Rocking My Life Away

Is Bono being used?

"Is he doing it for the publicity?" Just about every reporter I've spoken to in the news media recently has asked me if Bono's visit to Africa in the company of Treasury Secretary Paul O'Neill isn't a publicity stunt. As if U2 needed the publicity -- and as if there weren't far easier ways for the band members to get it if they did. No, Bono is visiting Africa with O'Neill precisely for his stated reasons: To try to convince the Bush administration to provide further debt relief to impoverished nations and to invest long term in building up the physical and economic infrastructures of those countries. Remove the swept-back black hair and the blue-tinted shades, and it's not a very sexy story at all.
The sexier story by far is why O'Neill would agree to bring Bono along on this jaunt. When the singer first tried to arrange a meeting with the Secretary about a year ago, O'Neill refused, telling his staff that he thought Bono was trying to "use" him. That's mainstream political thinking at its finest -- seemingly tough-minded but, in fact, just hard-headed and essentially clueless. Other than trying to advance a political cause just like everybody else who goes to Washington, what conceivable use could Bono make of O'Neill?

But as O'Neill has learned -- along with his boss, President George W. Bush, you can be sure -- the Republican party can make splendid use of Bono, and the singer would be wise to keep that fact in mind during his African visit and afterwards. As the President struggles with the perception both in this country and abroad that he is intolerant of any position that differs from his own, images of a cabinet member cavorting with one of the world's best-loved rock stars (not to mention the photos taken previously of Bono flashing the V sign while walking next to Bush) create the impression of youthful, progressive open-mindedness. Those pictures can certainly prove helpful come election time -- you can be sure that you haven't seen the last of them by a long shot. And if, finally, the Bush administration doesn't deliver on any of the goals that Bono wants to achieve, what the hell, that's just the way the political ball bounces. But at least they listened.

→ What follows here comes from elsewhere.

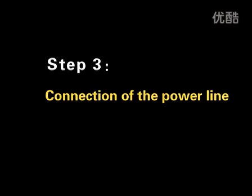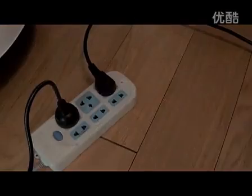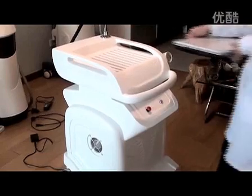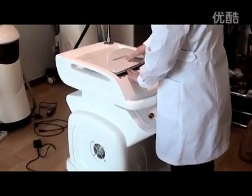Step 3: Connection of the power line. Plug the power line. Step 4: Connection between the machine and computer. Put the computer on the top of the machine and connect the USB data cable on the machine with the computer.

To his credit Bono has proven a deft politician himself during his debt-relief crusade. First he framed the issue in moral terms as a way of appealing to conservative Republicans, like Sen. Jesse Helms of North Carolina, who like to wear their Christianity on their sleeves. Then, after the attacks on September 11th, he argued to the Bush administration that impoverished populations are kindling for the terrorists' flame. The more the United States eases the plight of those countries, the less susceptible they are to extremist, fundamentalist ideologies. That's a point Bono has been making over and over again on this trip.

But for all his willingness to put up with nonstop Odd Couple jokes, O'Neill is no champion of increased aid to Africa. He's an unabashed free marketer who has repeatedly claimed that "we have precious little to show" for whatever aid poor nations have already received. Generally speaking, he and Bono have been expertly diplomatic in their statements leading up to and during the trip. When O'Neill says things like "For too long, we've seen too little progress," Bono and his supporters can agree -- from their point of view, that lack of progress in ending African poverty is the very reason for their activism. From O'Neill's perspective, however, the lack of progress is entirely the fault of the African nations themselves for squandering the resources so generously provided to them by the West.

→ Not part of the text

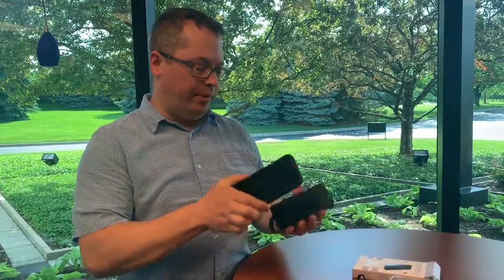So this is the Charge Hub Go Plus. It is a wireless charger, which I was excited about. Put this in my pocket with my phone, put it next to it, and it starts to charge.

There have been signs that the fissures in Bono and O'Neill's delicately balanced relationship have already begun to show. In Ghana, Bono openly wondered whether 800 employees at a company doing work for American corporations for $1 an hour were being exploited. He also visited Nima, a run-down area of Accra, Ghana's capital -- tellingly, while O'Neill was giving a speech to the American Chamber of Commerce. Bono was appalled by the devastation he witnessed there. "I got all kinds of mixed feelings," Bono told journalists afterwards. "Agitation . . . quite angry, I'm getting angrier as the day goes on. I cannot believe that this is a world I want to be part of. Nima is the real world. It's where the full force of the free market is being felt. I thought they should be throwing rocks at us." The singer also accused the U.S. of hypocrisy for preaching free trade to poor countries whose economies can barely function, while propping up the American farm industry to diminish the impact of imports. "You can't have debt cancellation on the one hand and trade subsidies on the other," Bono said. "I don't like this kind of duplicity."

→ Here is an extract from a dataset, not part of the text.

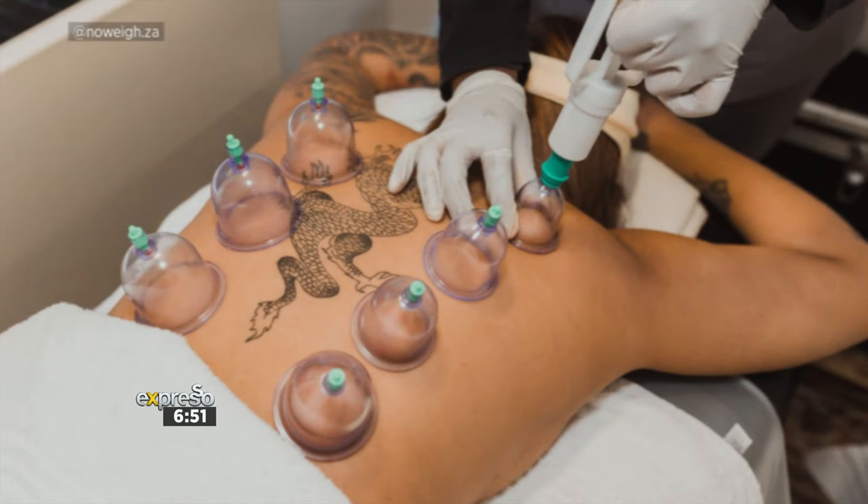We've filled your cup with a smoothie. Let's now look at a different type of cupping altogether. Now we unlock the ancient secrets of dry cupping, a therapeutic practice rooted in centuries-old Chinese and Middle Eastern medicine. And of course, we still have Dilshad Parker here from No Way Premium Wellness and Slimming.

But Bono's experience with duplicity may be just beginning. He's a bright guy, and he understands that by going to Africa with Treasury Secretary O'Neill, he has walked into a lion's den. "My job is to be used," he bluntly told the Washington Post. "I am here to be used. It's just, at what price? As I keep saying, I'm not a cheap date." Maybe not, but as that old-fashioned relationship adage goes, Why buy a cow when the milk is free? The Republican party may already have gotten everything it needs from Bono. And as for that morning-after phone call, whether O'Neill and the president honor whatever promises they made to make their date with Bono such a public relations boon very much remains to be seen.

(May 24, 2002)

05-30-2002, 12:04 AM
From www.relevant.com
... Bono and Treasury Secretary Paul O'Neill's tour of Africa stopped by a Ford industrial plant, where they encountered a rather strong odor of marijuana. The tour guide informed the group employees are allowed to smoke dope, as long as it doesn't interfere with work, and in fact, most do. O'Neill was in shock: "They do? What do I know? That's something I don't know anything about." Bono's reaction: "I was getting off on the diesel fumes myself" Oh my! :)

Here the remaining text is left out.